Got a question for a mlab module guru.

After some experimentation (and judicious peeking at the
source code), I think I’ve got the hang of writing custom functions to
pass into these modules – basically, anything that accepts a list of
values sliced from a single column on the structured array and returns a single
list seems to work well. In functional programming terms, rec_summarize appears
similar to “map”, rec_groupby appears similar to
“reduce”.

Now – what if I want to derive a calculation from
multiple statistics in the original dataset – eg. create a new column on
the array which is derived from 2 (or up to n) other fields in a custom
function which I pass into the process?

For example, conditional counts/summaries (count
transactions and sum the sales on all orders that weighed > 5K lbs).

Is there a way to do this within numpy or mlab without going
all the way out to python and creating a list comprehension?

Thanks.

John

There are a couple of ways with the existing functions.

One is to use a logical mask::

   mask = r.weight>5
   rg = mlab.rec_groupby(r[mask], groupby, stats)

You could also create a new categorical variable with one or more
values and attach it to your record array and then use rec_groupby::

  heavy = np.where(r.weight>5, 1, 0)

and add that to your record array

  r = mlab.rec_append_fields(r, ['heavy'], [heavy])

and then do a rec_group_by using 'heavy' as your group by attribute.

Brian Schwartz has a preliminary implementation of rec_query which
allows you to make a SQL query on a record array by converting it to a
sqllite table, running the sql query, and returning the results as a
new record array, which would solve your problem more cleanly and
generically. The code needs a little more polishing, but perhaps
Brian you can send over what you have in case John wants to take a
look.

JDH

···

On Fri, Jul 1, 2011 at 11:14 AM, Hackett, John (Norcross, GA) <John.Hackett@...3654...> wrote:

After some experimentation (and judicious peeking at the source code), I
think I’ve got the hang of writing custom functions to pass into these
modules – basically, anything that accepts a list of values sliced from a
single column on the structured array and returns a single list seems to
work well.

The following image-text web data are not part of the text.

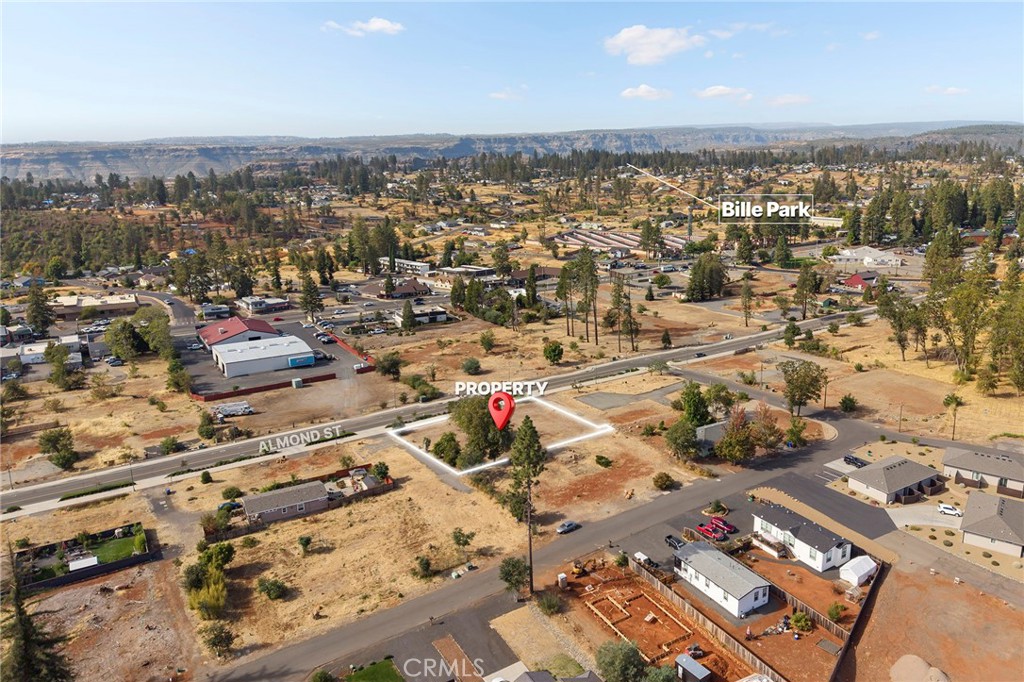5860 Almond Property Photo 15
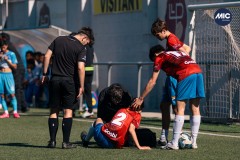 MIC26_MINERVAACADEMYFCUEFIGUERES_25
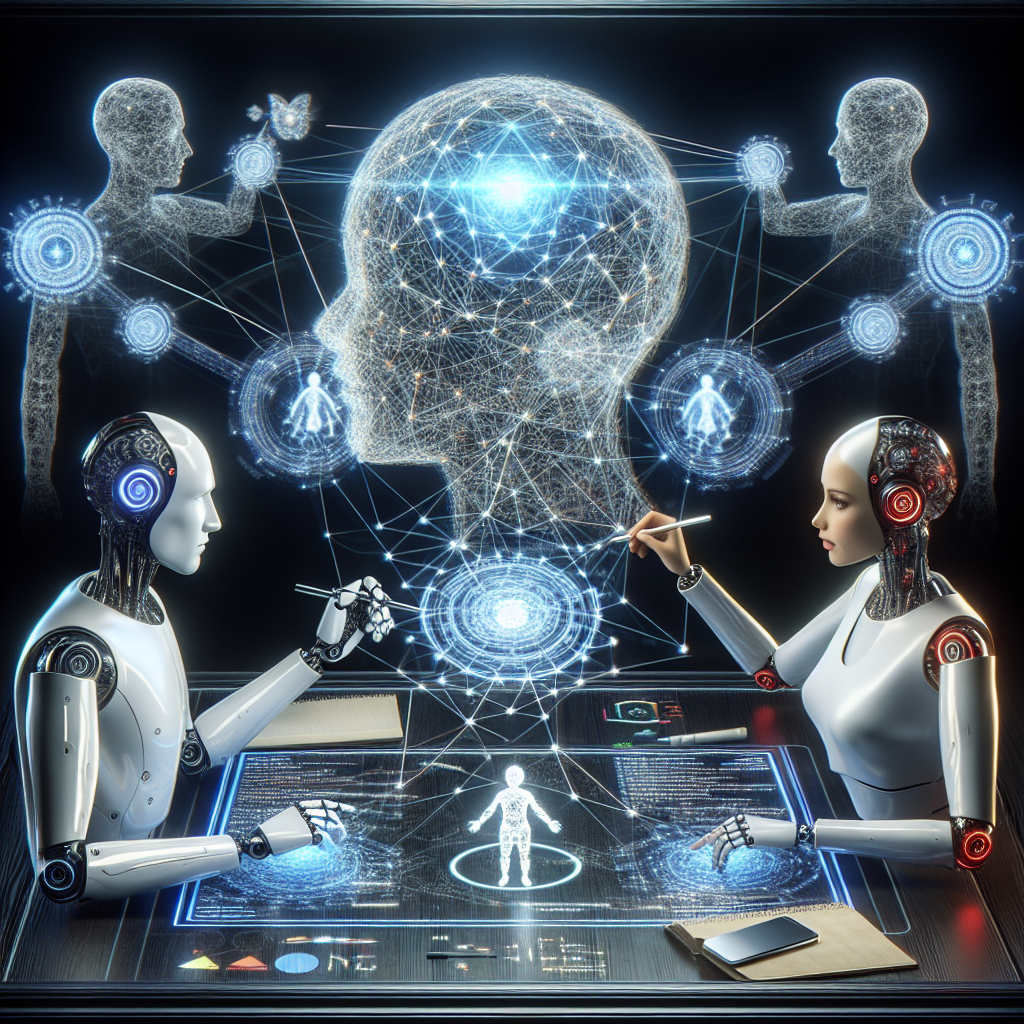 Inteligencia-Artificial-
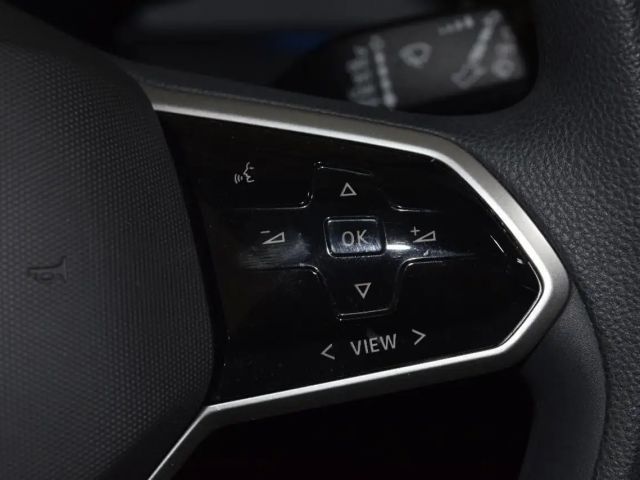 Volkswagen ID.3 Performance Pro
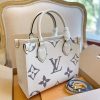 New Collection Fashion Bag L3492-1 TEN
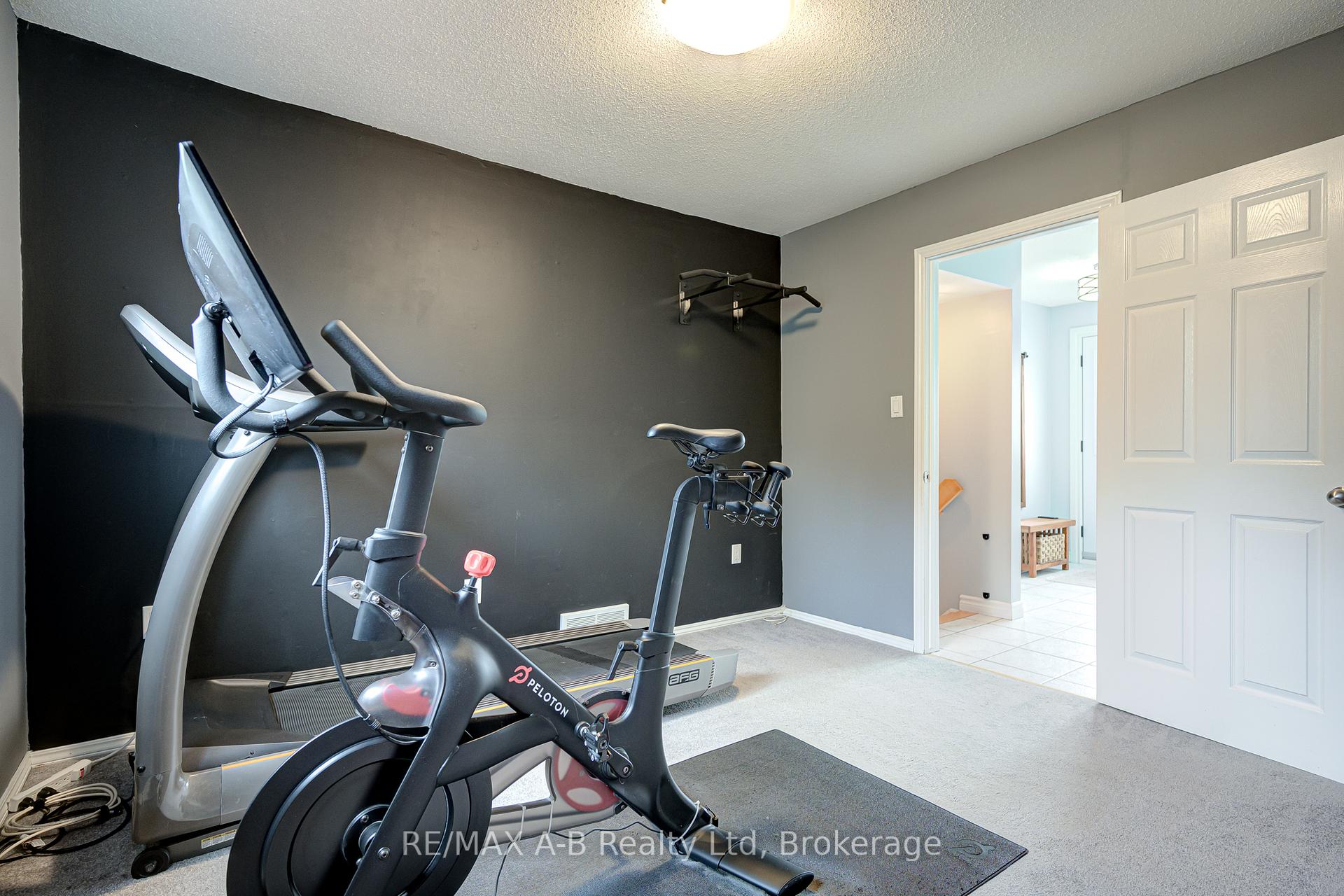Photo 49 of 27 Basin Crescent, Hamilton, Berrisfield — HOMEH
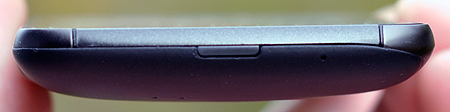 HTC Sensation Z710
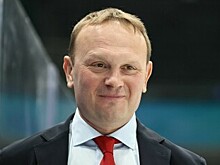 The Athletic объяснил, почему не считает российского игрока Гончара достойным Зала славы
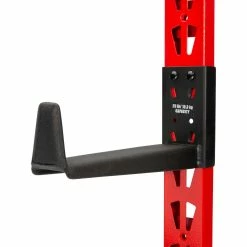 Coupon 🎁 Craftsman 6-Arm 10 In. Deep Cantilever Storage Rack System 🎉 -patio garden garage shop unnamed file 634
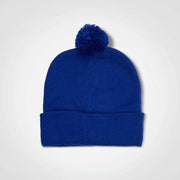 Alphine Beanies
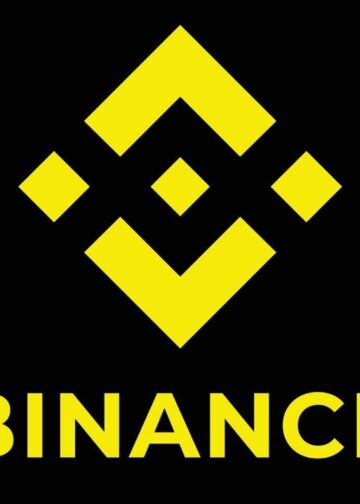 Binance España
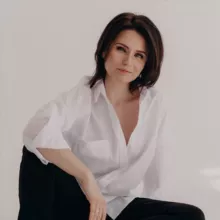 Толковый маркетолог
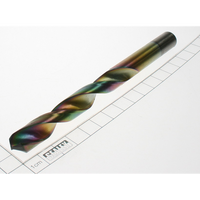 Sealey Hss drill bit 13.0mm S0938.25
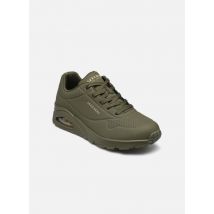 Skechers - Uno Stand On Air W - Verde - Deportivas - Talla 36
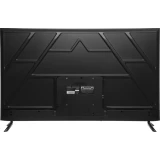 ЖК телевизор Hyundai 55" H-LED55BU7012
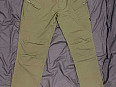 Helikon-Tex UTP Rip-Stop Olive Green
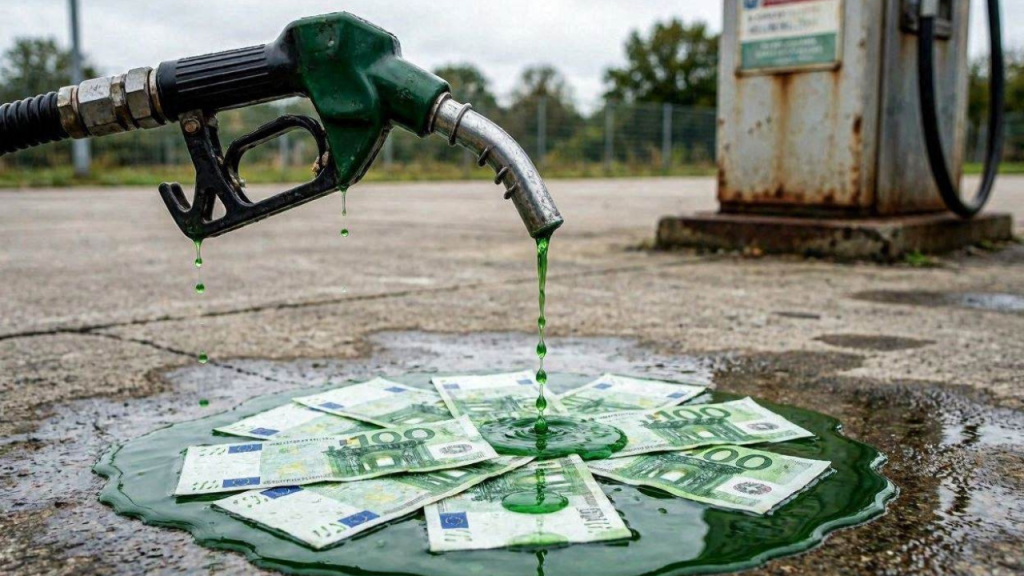 fine-sconto-accise-carburanti-mission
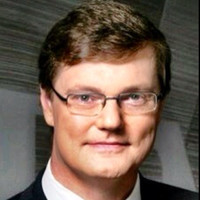 Martin Vrba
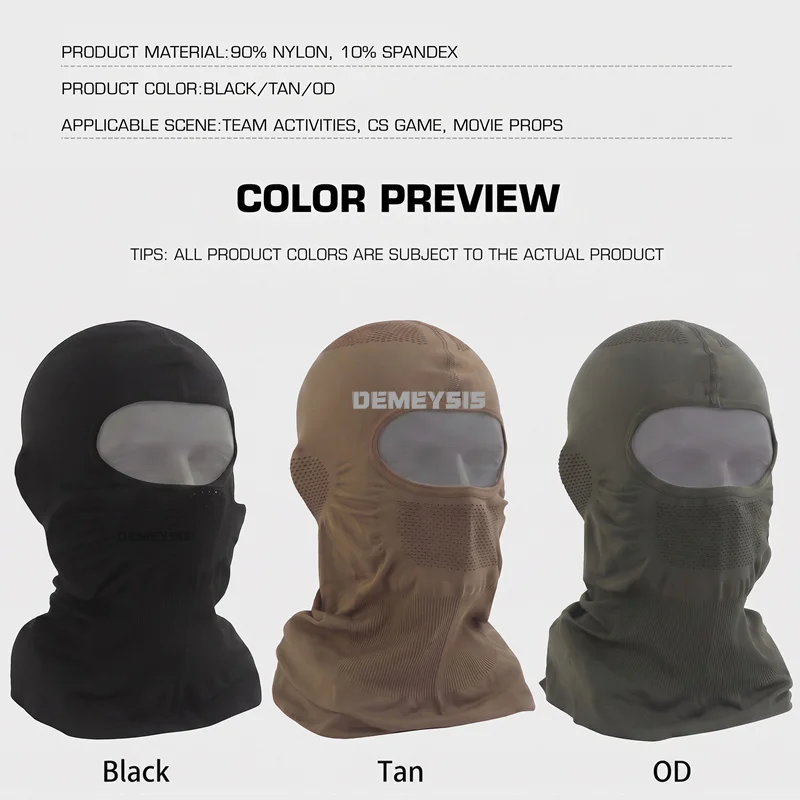 Thumbnail 2 - #17 Cheapest Paintball Masks Deals You Can Get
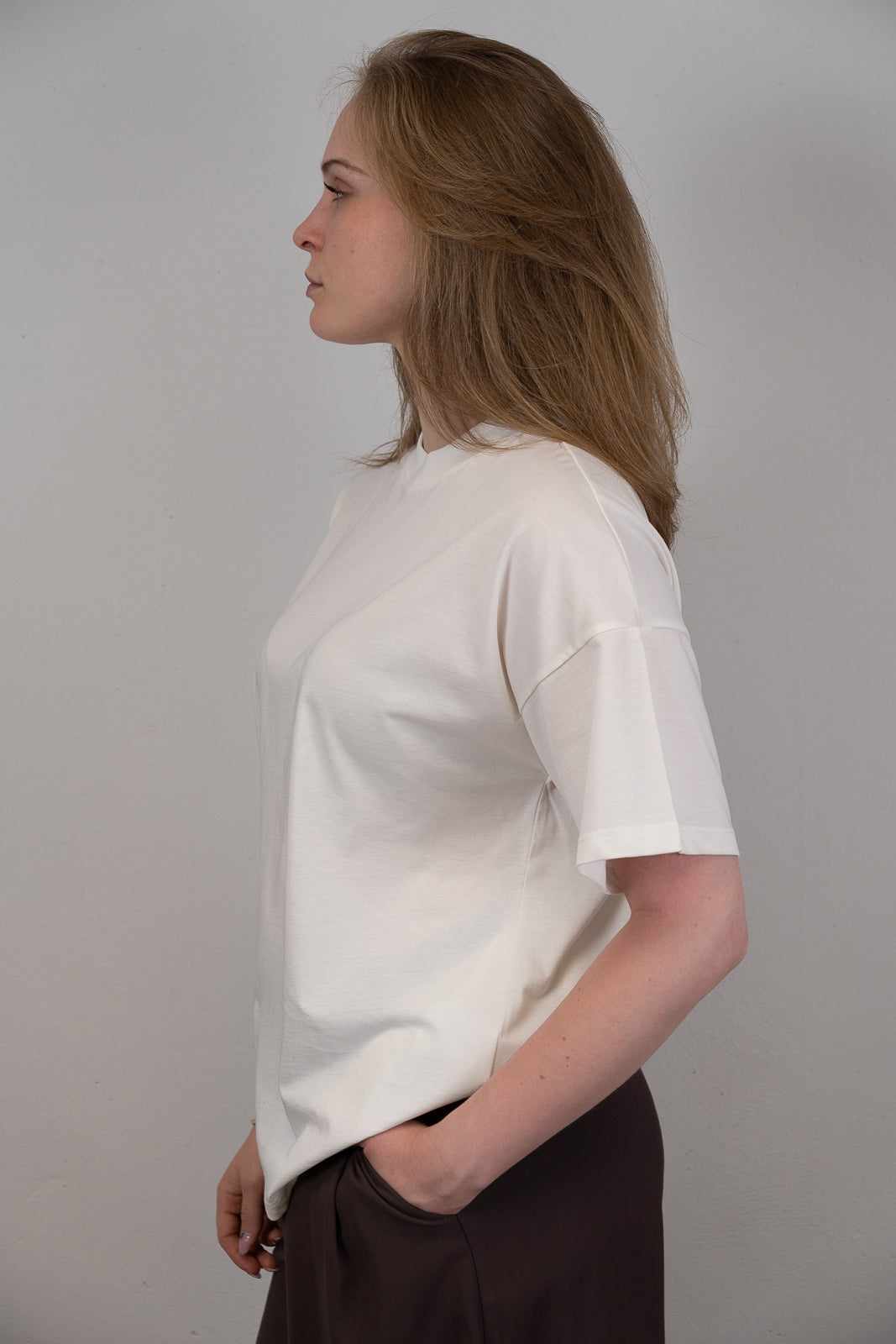 Oversized T-Shirt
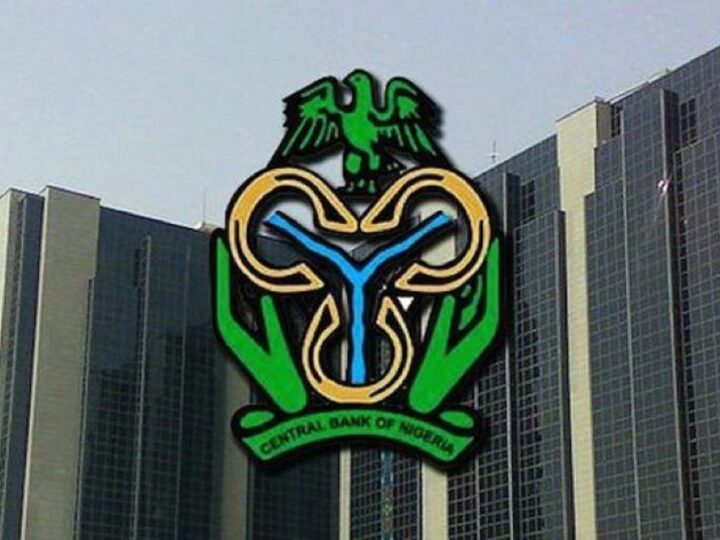 CBN Sets Five-Point Agenda for Sustainable Fintech Growth, Pledges Stronger Consumer Protection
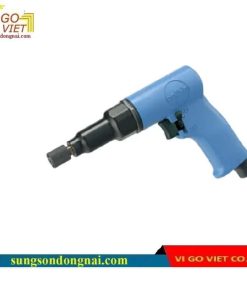 Súng vặn vít khí nén dạng súng ngắn Onpin OP-301LC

In functional programming terms, rec_summarize appears similar to
“map”, rec_groupby appears similar to “reduce”.

Now – what if I want to derive a calculation from multiple statistics in the
original dataset – eg. create a new column on the array which is derived
from 2 (or up to n) other fields in a custom function which I pass into the
process?

For example, conditional counts/summaries (count transactions and sum the
sales on all orders that weighed > 5K lbs).

Is there a way to do this within numpy or mlab without going all the way out
to python and creating a list comprehension?